Extracted entries ->
════════

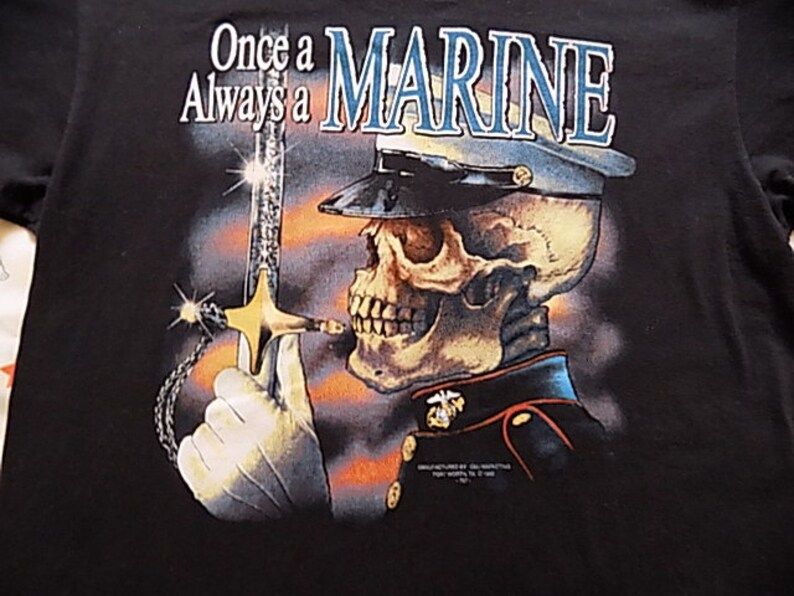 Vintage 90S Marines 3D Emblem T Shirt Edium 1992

════════

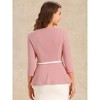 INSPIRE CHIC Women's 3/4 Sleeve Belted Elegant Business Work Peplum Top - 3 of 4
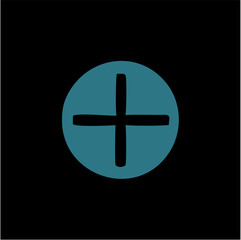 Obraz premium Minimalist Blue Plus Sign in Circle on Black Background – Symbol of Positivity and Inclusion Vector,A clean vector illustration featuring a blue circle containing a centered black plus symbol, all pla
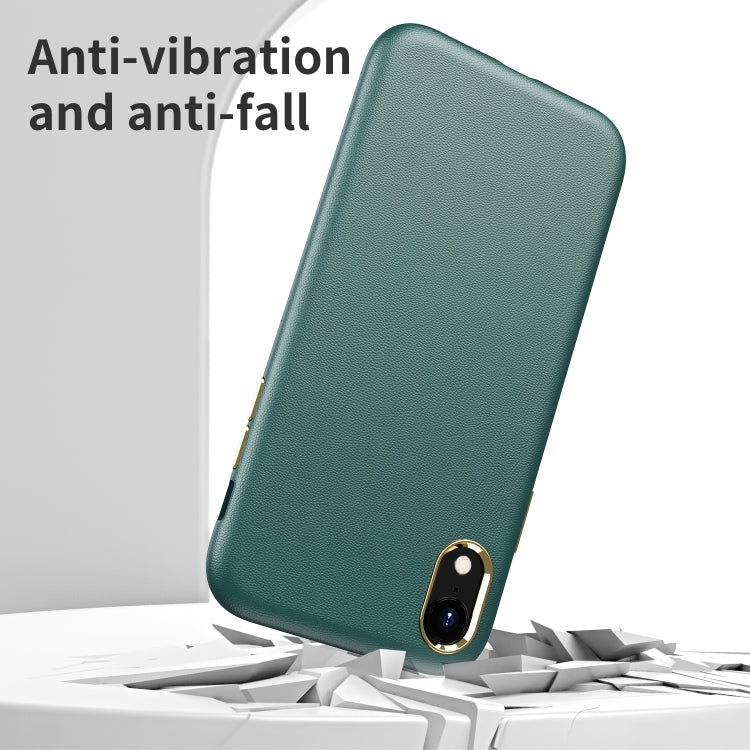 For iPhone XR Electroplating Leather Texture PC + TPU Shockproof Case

════════

What to do ->
Given the entries above, transcribe exactly the lines from the one holding "Obraz premium Minimalist" through the one holding "For iPhone XR"; pictures do not belong in the transcription.

Response box ->
 Obraz premium Minimalist Blue Plus Sign in Circle on Black Background – Symbol of Positivity and Inclusion Vector,A clean vector illustration featuring a blue circle containing a centered black plus symbol, all pla
 For iPhone XR Electroplating Leather Texture PC + TPU Shockproof Case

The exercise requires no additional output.